The 350 guests reclining on sun beds in the famous white tented cabanas certainly felt privileged to be witnessing the extreme glamour of the designer’s learned-but-light invocation of an important part of Coco Chanel’s biography, one that was overlaid with passing allusions to Visconti, Fellini, the Venice carnival, and the city’s art treasures.
“I wanted to reinvent the mystique,” said Karl Lagerfeld, talking about locating the collection in one of Coco Chanel’s favorite summer haunts—she visited Venice for almost ten years beginning in 1919 and met Diaghilev here.

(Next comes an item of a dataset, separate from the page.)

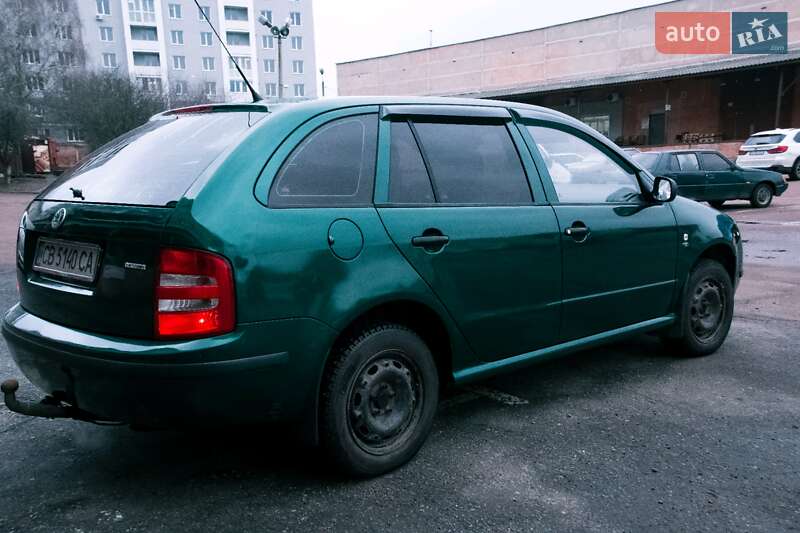 Універсал Skoda Fabia 2002 в Чернігові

“Coco on the Lido,” as Lagerfeld called it, started with a tableau of figures in tricorne hats and cloaks—cover-ups for a play on girdles and bras as bathing suits. Next came Tatjana Patitz promenading in creamy lace as the picture-hatted Edwardian mother in Death in Venice, her sailor-suited son Tadzio and his two sisters in ingenue fan-pleated dresses trailing behind. From there, the sequence took off into matelot- and gondolier-inspired stripes, interpreted in long-line fine-knit cardigans and playful beachwear with funny red and white striped wedge booties. The references kept streaming out—a halterneck dress fashioned in plissé knit to suggest Fortuny, the deep Doge red and the golden lion motif of the city flag, shimmery sequins and glass embroidery made to imitate the light of Venice glancing off water.